If we take a close look at the contraceptive prevalence in the US since 1955, clearly, an increasing trend of female sterilization is prominent with a slight decline in more recent years. The use of pills was quite common in the 1970s and decreased since then. The use of long-acting reversible contraceptive methods such as IUD began to increase since 1995. Male condoms and male sterlization account for 20% among all contraceptive methods in the US. A small portion of people adopt withdrawal, which acounts for around 5% in all contraceptive methods.

Summary

As we have found, the contraceptive prevalence varies across countries and regions. Contraception is widely used in high income/developed countries whereas the prevalence of contraceptive use in less developed countries remains low. Women living in the US are more likely to rely on sterilization as an effective method to avoid unintended pregnancy, which is quite the opposite in countries such as France, Germany and Japan. Pills and male condoms have also been commonly used since 1990s in the US. The use of IUD has increased with the advent of new options. The observed pattern triggers more questions, for example, who are those women choosing female sterilization as a contraceptive method. I suspect there should be cohort differences when practice contraception. Older cohort may be more likely to adopt sterilization but younger cohort may rely on short acting methods.

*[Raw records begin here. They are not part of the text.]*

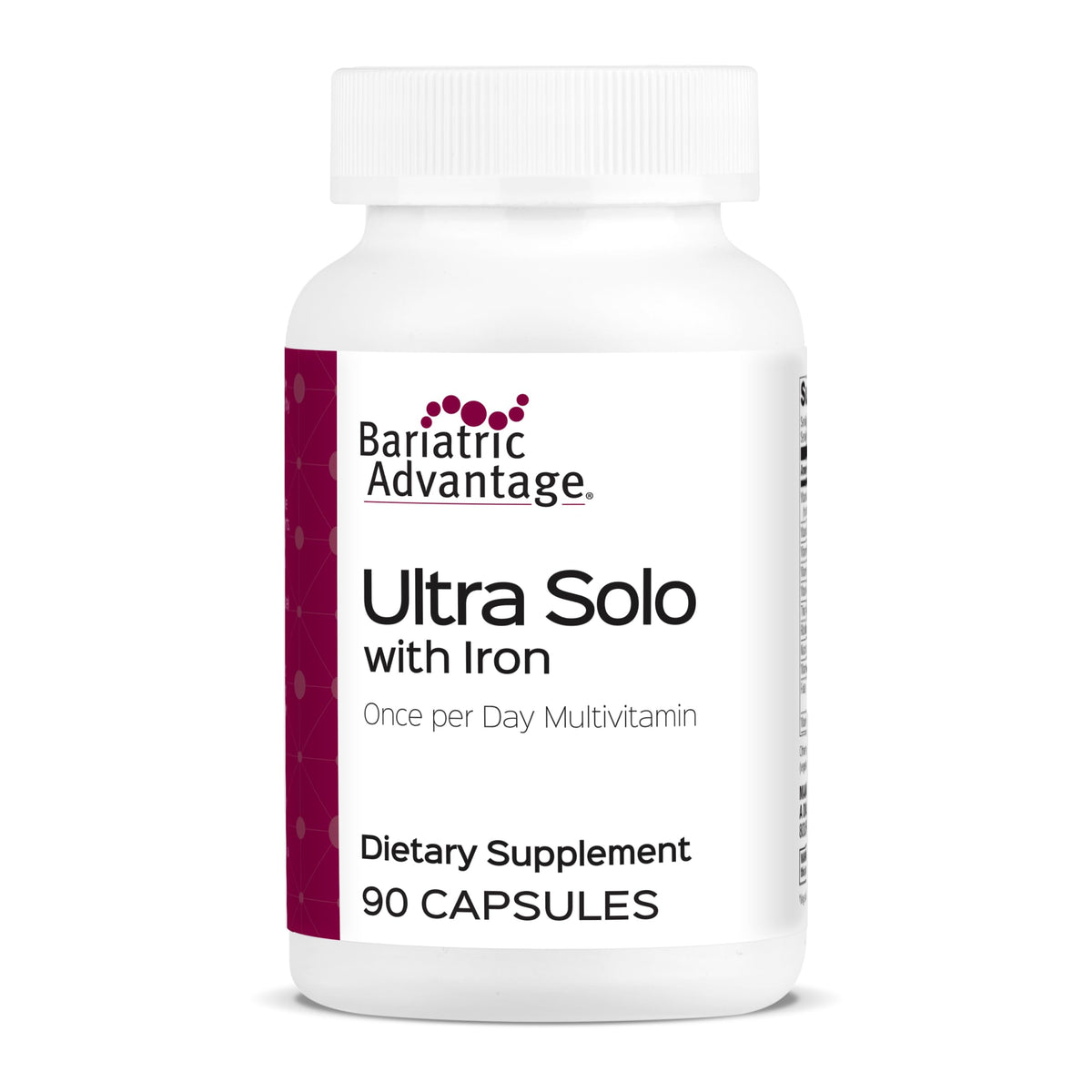 Bariatric Advantage Ultra Solo multivitamin, 90 capsules, verified by CuratCart for quality and trust.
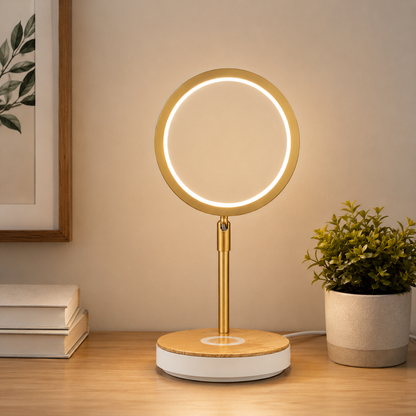 Modern Circle Touch Dimming Table Lamp With LED Bulb | Xandrel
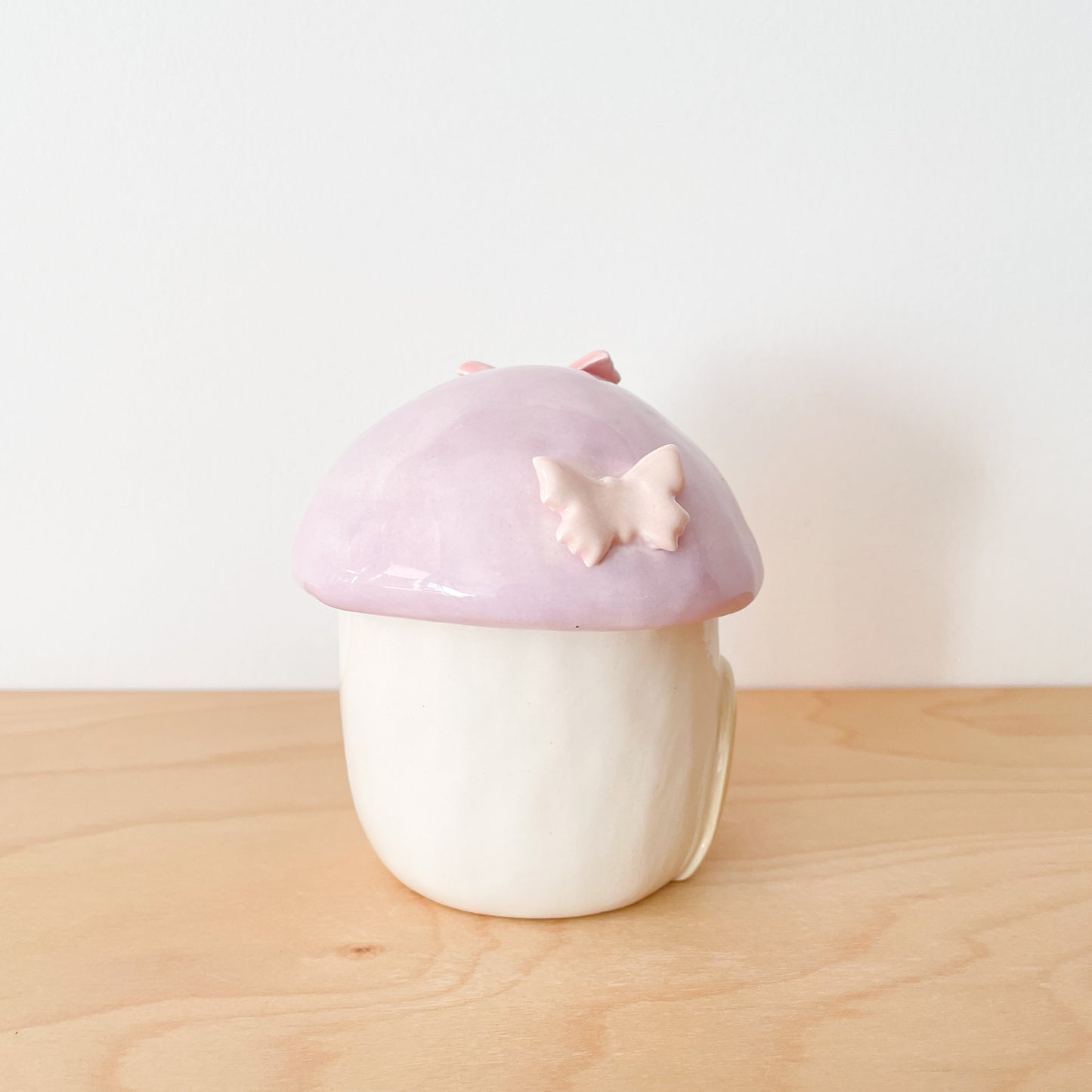 Purple Butterfly Mushy Jar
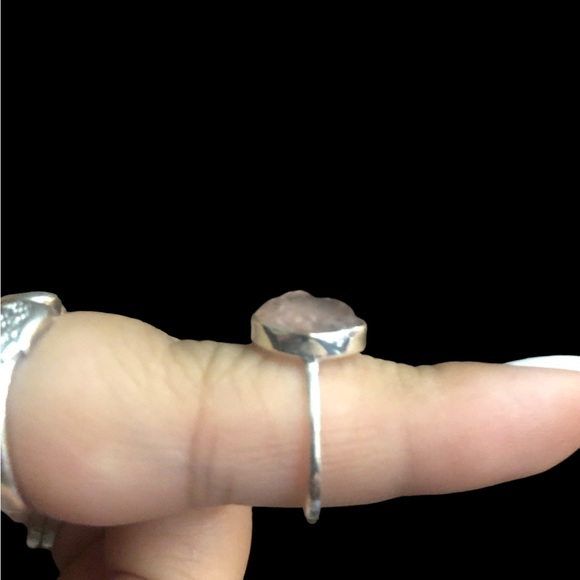 New Rose Quartz Silver Ring - Picture 5 of 5
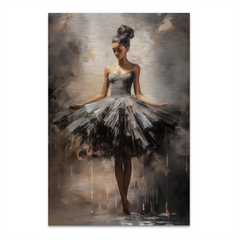 Ballerina Modern Style AluDibond Gebürstet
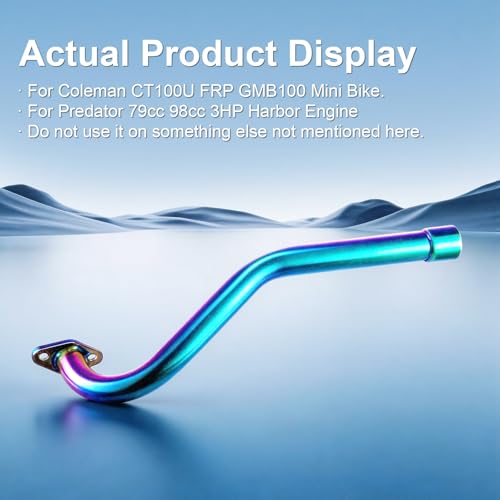 Image of Central long Exhaust Pipe With Muffler For Predator 79cc 98cc 3HP Coleman CT100U Mini bike FRP GMB100 Mini bike Colorful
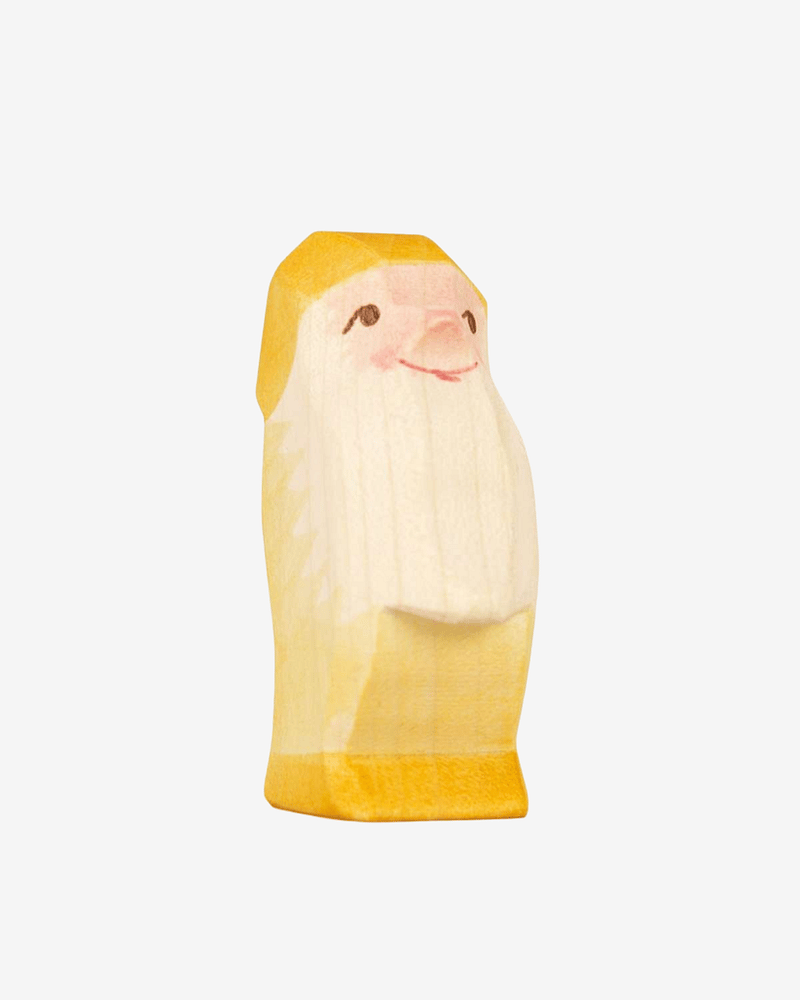 Dverg Trefigur - Håndlaget Dukketeater Dukker | Dwarf Yellow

Race, education and marital status would also influence women's contraceptive preferences. The next step is to employ national data to further break down social categories and permit a close investigation of how contraceptive use is determined by demographic, social and behavioral factors.

As for data visualization, python with a variety of modelus, is a handy tool to present highly flexible and beatiful plots and figures. The thing is to master each module needs time and practices. Seaborn is a visually attractive module that is suitable for most basic plots. bokeh has nice functionality to create interactive plots. It is also capable to graph geograpic data. matplotlib is mostly used for academic plotting, I found the code is not so intuitive though.